=== SOURCE MATERIAL ===

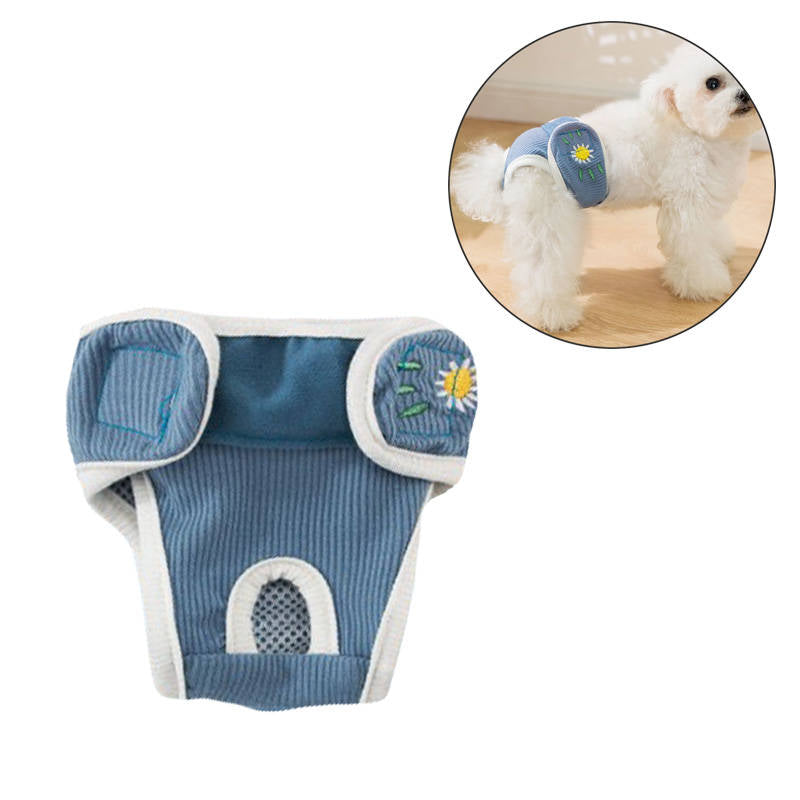 Washable Diapers Reusable Highly Absorbent for Doggy Female in Period-Daisy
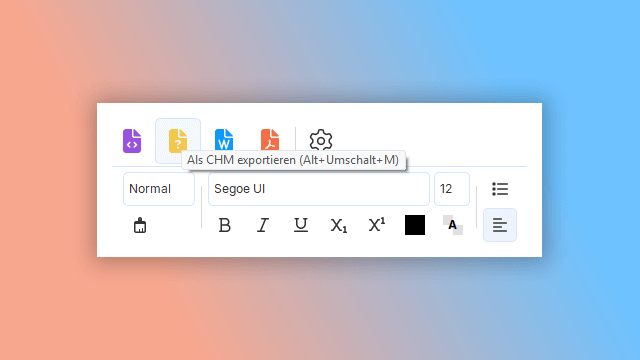 CHM-Datei für ein Benutzerhandbuch erstellen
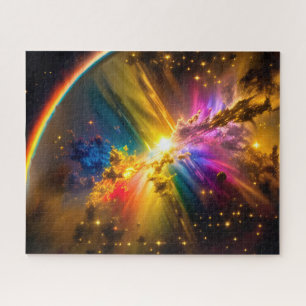 Puzzle Arc en ciel cosmique sur Indigo Nebula Événement d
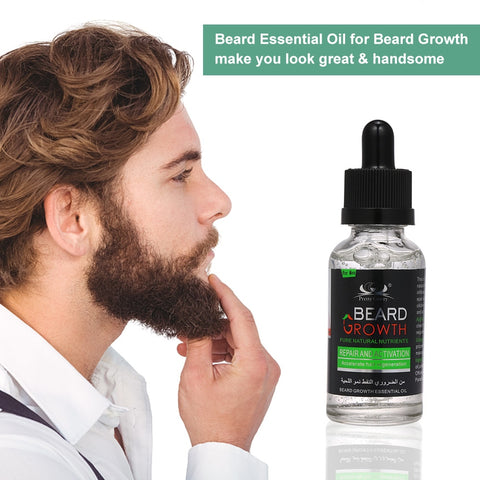 Beard Essential Oil Facial Hair Growth Conditioner Beard Growth Oil for Men's Beard Care & Grooming Beard Oil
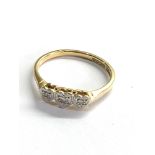 Vintage 18ct gold heart diamond ring weight 2.9g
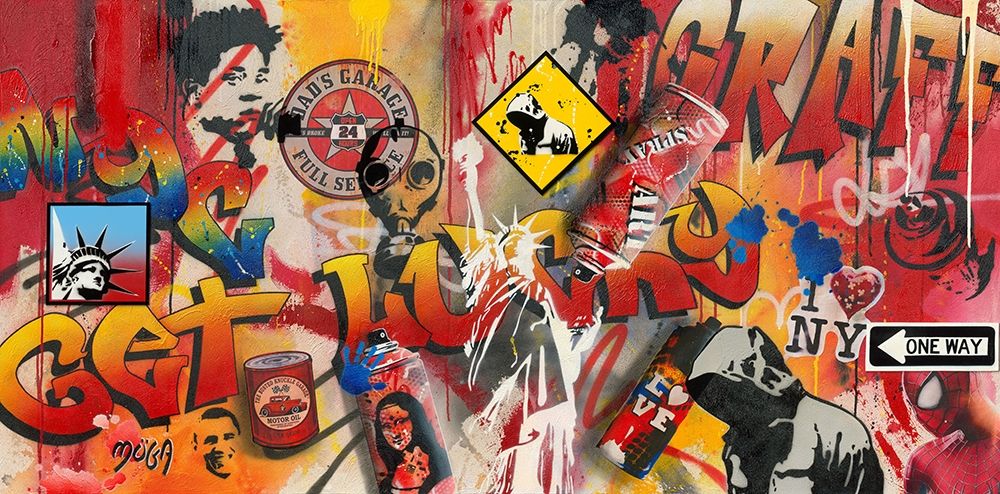 GET LUCKY GRAFFITY art print by Moega for $57.95 CAD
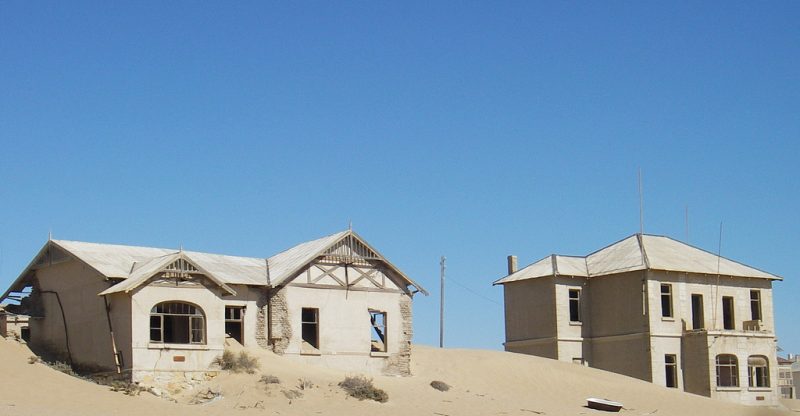 Abandoned houses.Wikimedia Commons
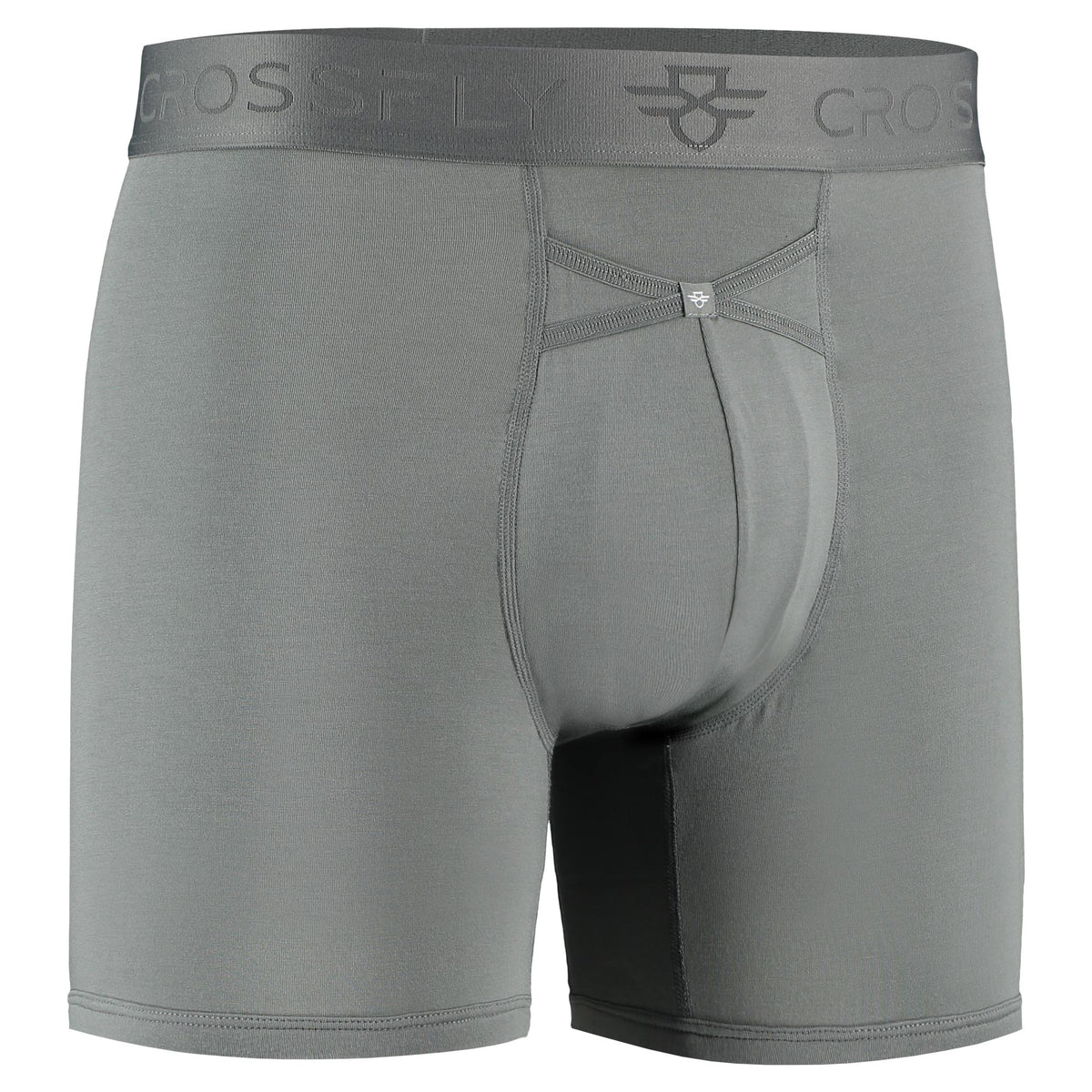 IKON X | Men's Boxers | 6 inch- Grey Modal – Crossfly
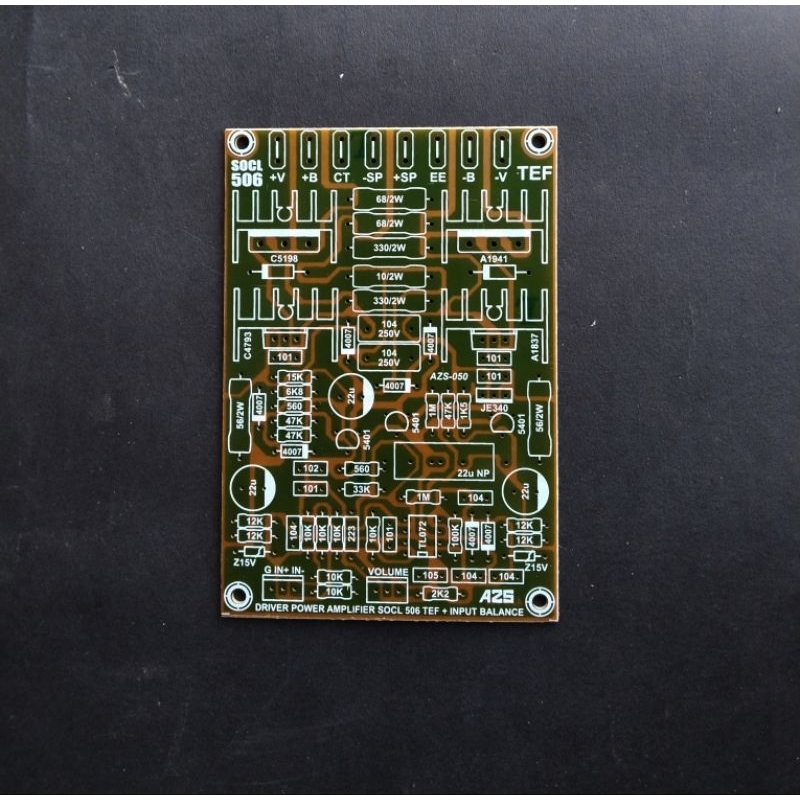 PCB Driver SOCL 506 TEF Input Balance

===

§ **INSTRUCTIONS TO FOLLOW**:
I would like you to retype exactly the lines running from the one containing "Puzzle Arc en" to the last line of the entries, both included, leaving all pictures out.

§ **ANSWER**:
 Puzzle Arc en ciel cosmique sur Indigo Nebula Événement d
 Beard Essential Oil Facial Hair Growth Conditioner Beard Growth Oil for Men's Beard Care & Grooming Beard Oil
 Vintage 18ct gold heart diamond ring weight 2.9g
 GET LUCKY GRAFFITY art print by Moega for $57.95 CAD
 Abandoned houses.Wikimedia Commons
 IKON X | Men's Boxers | 6 inch- Grey Modal – Crossfly
 PCB Driver SOCL 506 TEF Input Balance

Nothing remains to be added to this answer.